You _just_ beat me to it ...

;-)

Forgot to use /only on first try

Thank you Romano and Ingo

How do you parse for a particular integer value ?

parse [ -1 ] [ integer! ]

but I want

parse [ 1] to fail ...

you can do it as a string:
>> parse form [-1] ["-1"]
== true
>> parse form [1] ["-1"]
== false

but as a block... hmmm

>> parse [-1] [1 1 -1]
== true
>> parse [1] [1 1 -1]
== false

lol
How did you do that? Why does it work? :-)

ah of course. Number of instances (1 1 means exactly 1, right?).

tricky :)

>> parse [1 1 1 1] [1 4 1]
== true
>> parse [1 1 1 1] [1 3 1]
== false

Putting numbers in the rule block indicates number of something. 
So [1 4 1] means 1 to 4 times 1.

Easier to see this way:
>> parse [a a a a] [1 4 'a]
== true
>> parse [a a a a] [1 3 'a]
== false

Shouldn't?
parse [1][1] ;== true

So if you wanna check for exactly one time -1, you write [1 1 -1].

Jaime, when you put a number in, it's the start of a min/max indicator. 
You never type max or what to search for, so it fails.

well, apparently numbers are not literals when parsing ...

Same as
>> parse [1] []
== false

must add this to the wikibook :)

>> parse [-1 -1] [2 -1]
== false
>> parse [-1 -1] [2 2 -1]
== true

The first doesn't give meaning to parse, because a number means a 
min, so parse look for a max, and then the data.

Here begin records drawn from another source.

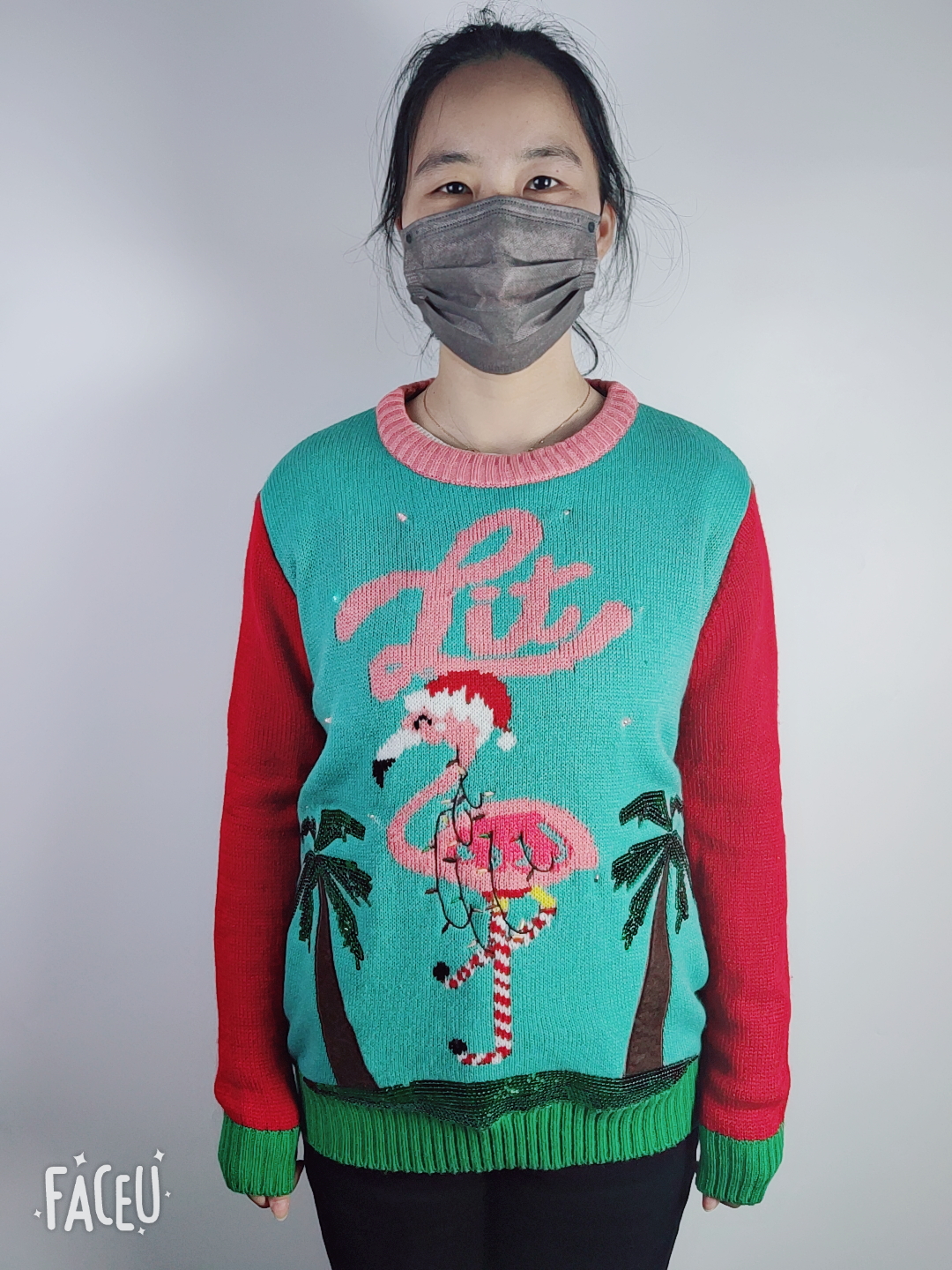 Women's Round neck Jacquard with LED light knit Christmas sweater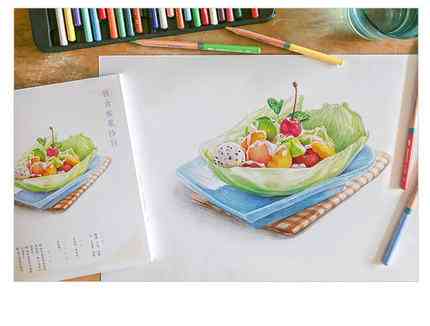Kleur-potlood tekenboek 32-klassiek heerlijk eten-potlood, schilderen leerboek studenten tutorial kunstboek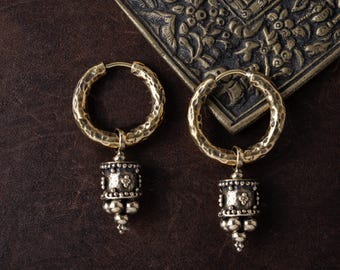 Hoop Earrings with Afghan Charm, antique gold brass hammered sterling silver huggie with charm, boho tribal unisex hoops dangling earrings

A bit consusing. Maybe we should express ranges differently.

Maybe with an issue.

#1-4

Then that needs to be parsed too.
>> i: #1-4
== #1-4
>> i/1
== #"1"
>> i/2
== #"-"
>> i/3
== #"4"
But I could have written:
#001-00004

>> parse [1 1 1] [001 00004 1]
== true

I think, Carl likes to keep it short. :-)

What about a pair for ranges.

Yes, that is better.

literals can help sometimes. But then the problem becomes that pair 
literal could have the same problem than number literal has now.

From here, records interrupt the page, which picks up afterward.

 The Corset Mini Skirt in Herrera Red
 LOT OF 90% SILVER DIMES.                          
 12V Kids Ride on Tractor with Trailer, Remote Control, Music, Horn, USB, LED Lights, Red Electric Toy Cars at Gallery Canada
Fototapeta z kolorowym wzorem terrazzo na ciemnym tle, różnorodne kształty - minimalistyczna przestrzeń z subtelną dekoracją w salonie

But then this will give problem:
>> parse [1x2] [1x2]
== true

Yep.

But parse [1][1] ;== false (seems odd).

Maybe rebol needs a literal representation for ranges.

yes, but if you changed min/max to a pair, then
parse [1x2][1x2]
wourld fail.

I understand. I just suggesting that the parse dialect could be further 
optimized.

Or enhanced.

But I guess adding extra syntax still get us in trouble.

I guess block parsing is by datatypes and not Rebol values.

except for words .. hmm... confusing.

But numbers are literals when parsing. It's just that they're syntax 
too, at least in parse rules.

hi all, this is an "old" issue Graham: it is in REP for quite a long 
time

(together with my suggestion how to solve it)